斜面上に置かれた物体とばね、摩擦力が関係する力学の問題では、力のつり合いを正しく考えることが重要です。特に、ばねの伸びが0の状態から手を離す瞬間では、どの力が働いているのかを整理する必要があります。
この記事では、鉛直方向に吊るすと一定の伸びを示すばねを斜面上で使用した場合について、物体が動き始める条件とtanαの求め方を詳しく解説します。
ばねが自然長のときに働く力を確認する
問題文では、ばねが自然の長さに保たれるようにPを手で支えているとあります。この状態では、ばねの伸びは0なので、フックの法則よりばねによる弾性力は0になります。
したがって、手を離した瞬間にPへ働く力は、重力と斜面から受ける垂直抗力、そして摩擦力です。ばねの力を考える必要はありません。
ここで重要なのは、物体が動き出す直前では静止摩擦力が最大値になっているという点です。最大静止摩擦力は、垂直抗力Nを用いてμNで表されます。
斜面方向の力を分解する
重力mgは、斜面に平行な方向と垂直な方向に分けて考えます。斜面に沿って下向きに働く力はmg sinθ、斜面に垂直な方向の成分はmg cosθです。

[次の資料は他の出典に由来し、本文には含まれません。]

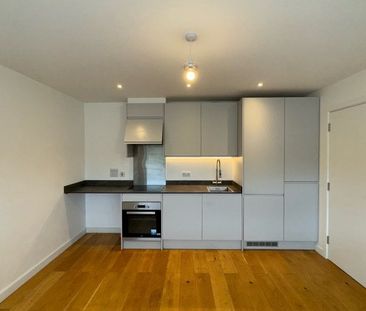 Regent House, Basildon, Property for rent - Photo 1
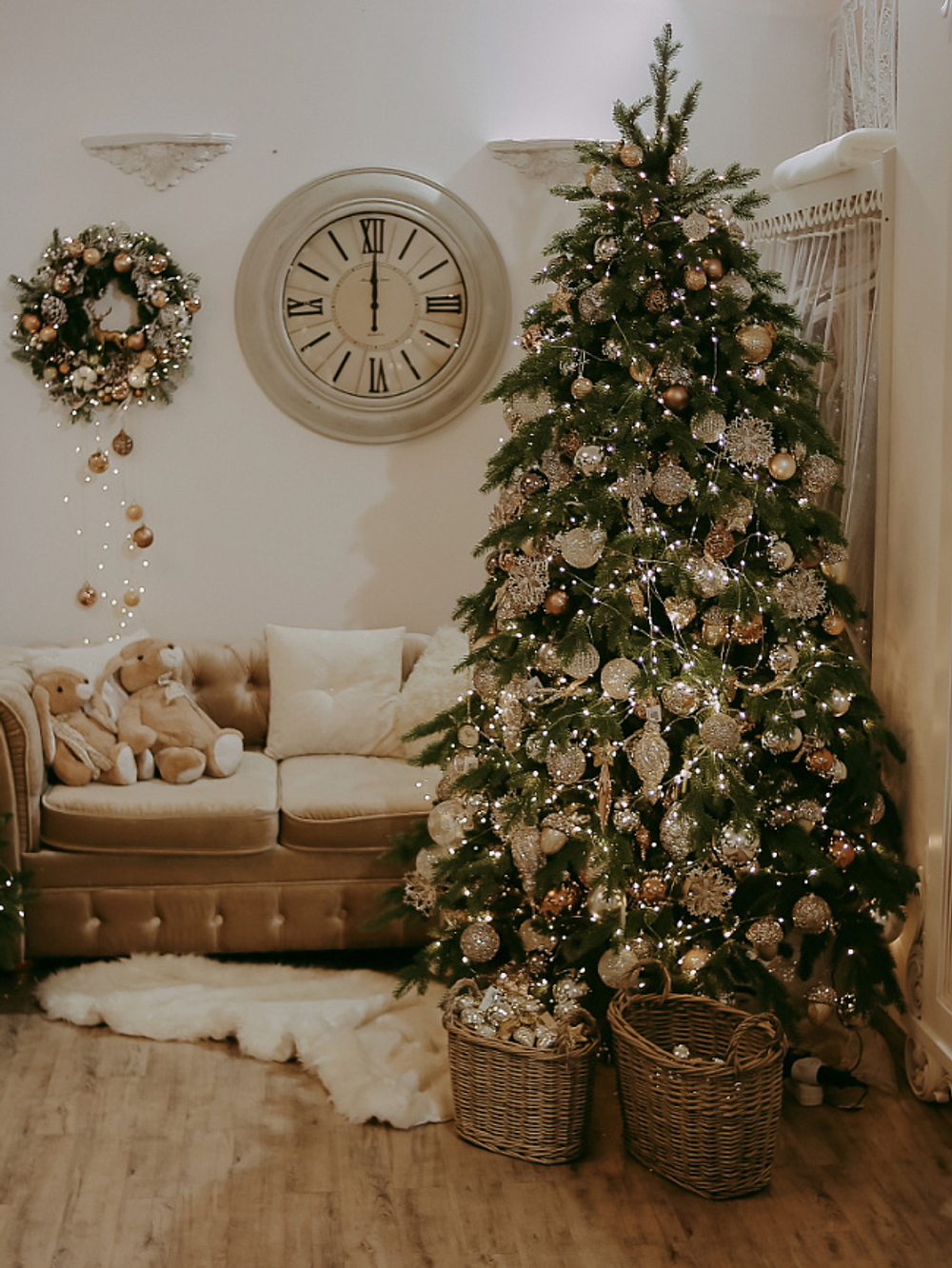 Искусственная елка Кремлевская 180 см, хвоя: литые ветки и пленка ПВХ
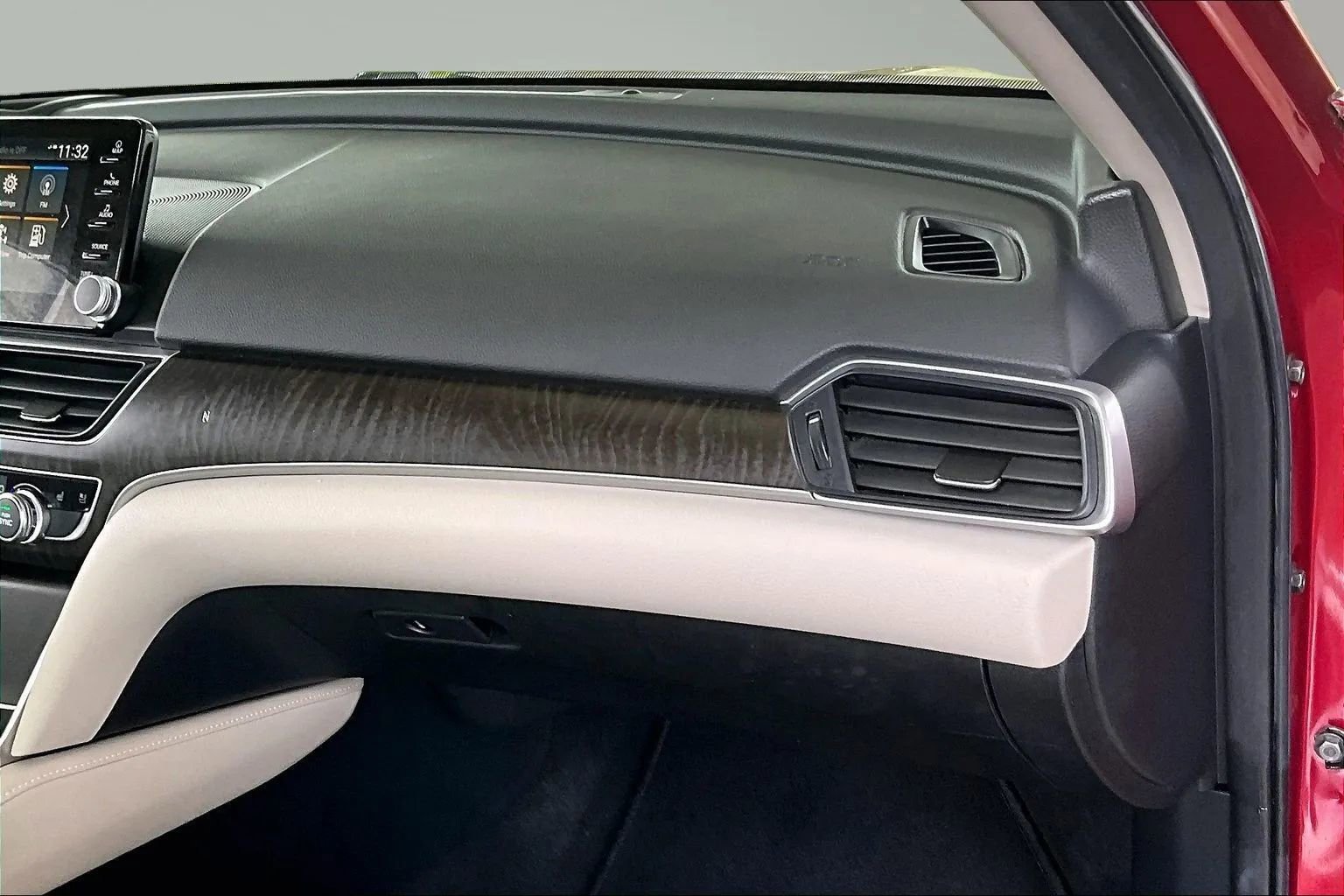 Used 2019 Honda Accord Touring image 23
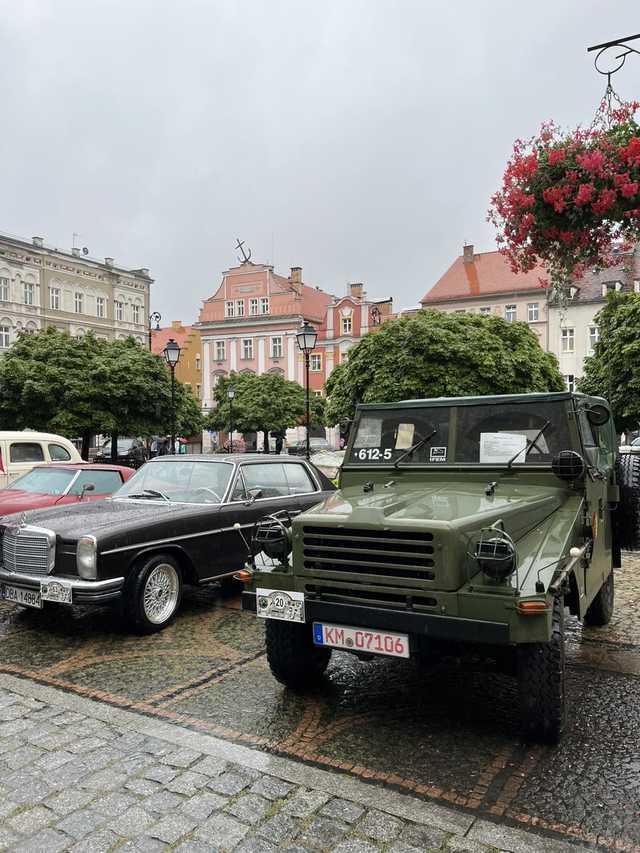 Kolejna edycja Wałbrzyskiego Międzynarodowego Rajdu Pojazdów Zabytkowych przeszła do historii [FOTO]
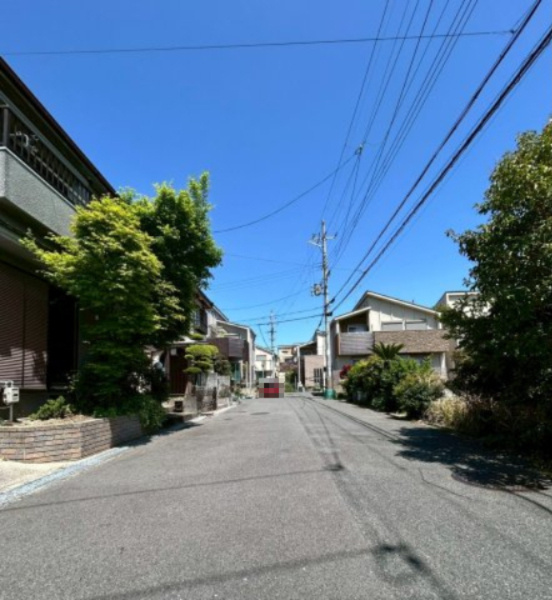 寝屋川市明徳二丁目　の前面道路含む現地写真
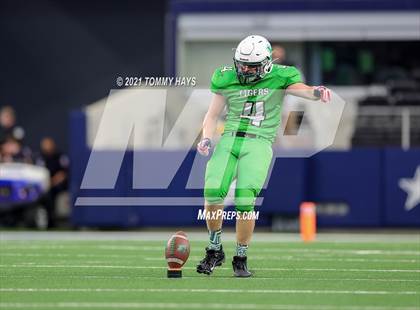 Thumbnail 2 in Westbrook vs. May (UIL State Football 6-Man 1A D1 Finals) photogallery.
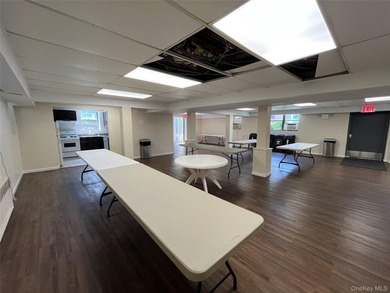 Step into this beautifully renovated 1-bedroom home and enjoy - photo 20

垂直方向では物体は動かないため、垂直抗力Nは重力の垂直成分とつり合います。
N=mg cosθ
となります。
そのため、動き出す直前の最大静止摩擦力は、
μN=μmg cosθ
となります。
動き始める条件からtanαを求める
Pが動き始める直前では、斜面下向きの重力の分力と最大静止摩擦力がつり合っています。
したがって、
mg sinθ=μmg cosθ
となります。
両辺をmgで割ると、
sinθ=μcosθ
さらにcosθで割ることで、
tanθ=μ
を得ることができます。
物体が動き始める角度をαとしているので、
tanα=μ
となります。
解答の考え方は合っているのか
提示された解法では、「ばねの伸びが0だから弾性力は0」「重力の斜面方向成分と最大静止摩擦力がつり合う」という考え方は正しいです。
ただし、途中で最大静止摩擦力を明確に書くためには、垂直抗力を求める過程を入れるとより正確な解答になります。
つまり、
mg sinθ=μmg cosθ
から、
tanα=μ
を導く流れで問題ありません。
この問題で注意すべきポイント
この種類の問題では、ばねがあることで「必ずばねの力を考えなければならない」と思いがちですが、自然長では弾性力は発生しません。
また、物体が動き始める瞬間は静止摩擦力が最大になっているため、単なる摩擦力ではなく最大静止摩擦力μNを使うことがポイントです。
例えば、斜面の角度を少しずつ大きくしていくと、最初は摩擦力によって止まっています。しかし、重力の斜面方向成分が最大静止摩擦力を超えた瞬間に物体は滑り始めます。
まとめ
ばねが自然長の状態では弾性力は0なので、物体Pに働く力は重力、垂直抗力、静止摩擦力のみです。
動き始める直前では、重力の斜面方向成分と最大静止摩擦力がつり合うため、
mg sinα=μmg cosα
となり、整理するとtanα=μになります。
したがって、求め方の方向性は正しく、より丁寧に解くなら垂直抗力を求めてから最大静止摩擦力を使う流れにすると、力学の答案として完成度が高くなります。